The term PAVRs was orginated by ARCTRUST and is an acronym for the phrase “Protected Appreciation Vehicles for Real Estate”. PAVRs are investments that combine the safety and cash flow features of a corporate bond, with the appreciation and tax benefits inherent of real estate. PAVRs are favored investments by investors who are willing to take a slightly lower yield in exchange for more safety, transparency and reliability compared to directly investing in real estate. PAVRs also benefit from simple record keeping and tax reporting. Minimum distributions are fixed in advance and the appreciation is paid based upon rudimentary formulas that are easy to calculate. There are three primary types of PAVRs:


Net Lease Properties are general purpose properties leased for a long term to nationally or regionally recognized tenants with strong credit. Under the net lease structure, the tenant generally pays all expenses associated with the property and has periodic increases in rent. Due to favorable tax and balance sheet benefits, most national companies do not own their own real estate and prefer to lease the properties back to investors. The net lease structure allows the tenant to preserve their capital for the main operating business.

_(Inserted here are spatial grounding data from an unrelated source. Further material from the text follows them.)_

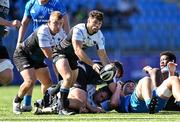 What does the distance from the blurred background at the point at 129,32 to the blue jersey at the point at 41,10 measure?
8.66 metres

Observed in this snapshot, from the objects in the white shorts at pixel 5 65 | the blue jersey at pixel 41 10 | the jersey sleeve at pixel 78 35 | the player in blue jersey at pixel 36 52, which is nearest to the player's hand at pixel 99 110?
the player in blue jersey at pixel 36 52

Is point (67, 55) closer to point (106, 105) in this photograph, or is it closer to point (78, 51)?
point (78, 51)

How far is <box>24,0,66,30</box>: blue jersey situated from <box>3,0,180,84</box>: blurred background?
8658 millimetres

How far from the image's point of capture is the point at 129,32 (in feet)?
78.9

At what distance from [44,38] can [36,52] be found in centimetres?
55

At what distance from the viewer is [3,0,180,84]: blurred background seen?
2294 centimetres

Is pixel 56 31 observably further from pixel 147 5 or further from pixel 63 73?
pixel 147 5

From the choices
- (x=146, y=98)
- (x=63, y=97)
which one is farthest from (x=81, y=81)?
(x=146, y=98)

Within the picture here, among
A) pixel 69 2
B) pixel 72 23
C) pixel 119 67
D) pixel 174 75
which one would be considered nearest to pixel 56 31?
pixel 119 67

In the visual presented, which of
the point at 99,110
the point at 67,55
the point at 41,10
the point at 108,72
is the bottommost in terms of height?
the point at 99,110

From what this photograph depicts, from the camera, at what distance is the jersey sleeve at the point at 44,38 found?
35.5 feet

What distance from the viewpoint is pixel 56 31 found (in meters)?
11.0

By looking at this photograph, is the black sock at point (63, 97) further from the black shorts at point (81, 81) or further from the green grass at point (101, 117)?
the black shorts at point (81, 81)

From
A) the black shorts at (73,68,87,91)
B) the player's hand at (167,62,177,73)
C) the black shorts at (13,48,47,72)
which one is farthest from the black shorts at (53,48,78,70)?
the player's hand at (167,62,177,73) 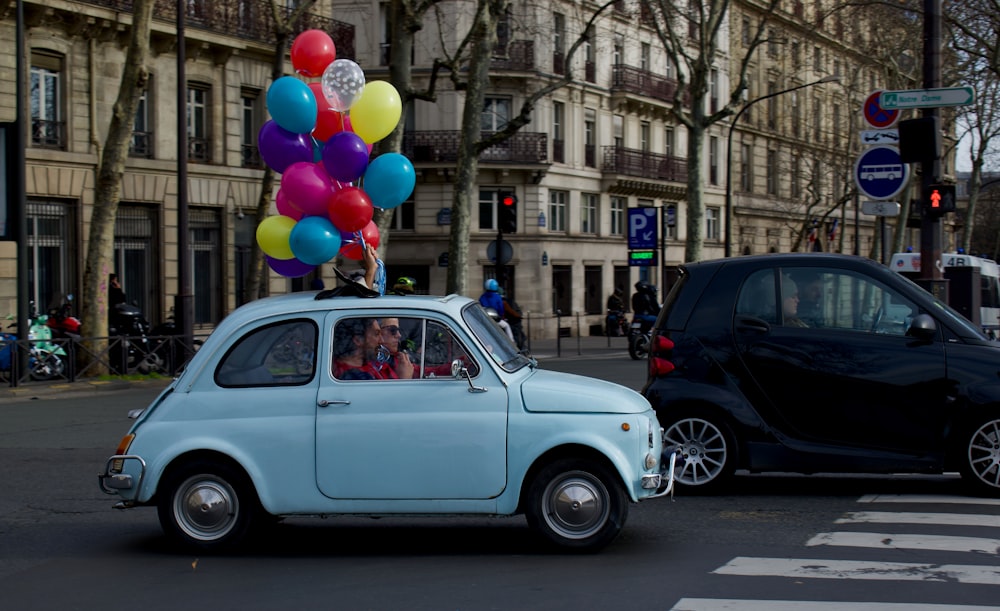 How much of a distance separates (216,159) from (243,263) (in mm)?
3266

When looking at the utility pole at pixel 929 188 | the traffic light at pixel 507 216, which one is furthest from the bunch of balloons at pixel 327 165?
the traffic light at pixel 507 216

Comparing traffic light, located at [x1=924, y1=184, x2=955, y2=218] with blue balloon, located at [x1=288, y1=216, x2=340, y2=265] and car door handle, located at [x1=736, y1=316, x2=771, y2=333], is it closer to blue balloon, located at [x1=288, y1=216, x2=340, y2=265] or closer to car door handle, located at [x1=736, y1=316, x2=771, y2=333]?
car door handle, located at [x1=736, y1=316, x2=771, y2=333]

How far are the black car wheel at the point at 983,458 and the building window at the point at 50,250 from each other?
22.1m

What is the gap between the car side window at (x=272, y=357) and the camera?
699cm

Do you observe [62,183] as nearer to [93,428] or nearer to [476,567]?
[93,428]

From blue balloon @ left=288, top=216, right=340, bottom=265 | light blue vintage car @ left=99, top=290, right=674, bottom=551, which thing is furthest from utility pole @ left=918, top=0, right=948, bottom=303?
light blue vintage car @ left=99, top=290, right=674, bottom=551

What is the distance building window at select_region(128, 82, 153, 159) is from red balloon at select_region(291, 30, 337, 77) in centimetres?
1911

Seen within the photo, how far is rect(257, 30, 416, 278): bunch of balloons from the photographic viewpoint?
9.49m

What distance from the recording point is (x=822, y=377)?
867 cm

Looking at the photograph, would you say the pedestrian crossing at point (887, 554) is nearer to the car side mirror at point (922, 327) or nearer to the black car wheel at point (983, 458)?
the black car wheel at point (983, 458)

Participating Debt is a lending vehicle that includes a typical loan combined with participation in the cash flow and future value of a property. The participation can be completed through direct participation of the real estate or through warrants or options that can be exercised in the future. Many real estate owners prefer this structure because it is tax efficient and allows them to participate in the future appreciation of a property. Real estate owners may be unwilling to sell because they are optimistic about the future.


Preferred Equity is an equity investment into an entity or property where the investment has a priority in cash flow and capital events. Like Participating Debt, many real estate owners want to keep ownership of their property but need capital for a particular investment. Some structures do not allow new Debt to be invested so Preferred Equity can accomplish the same thing as Participating Debt but uses an equity investment instead.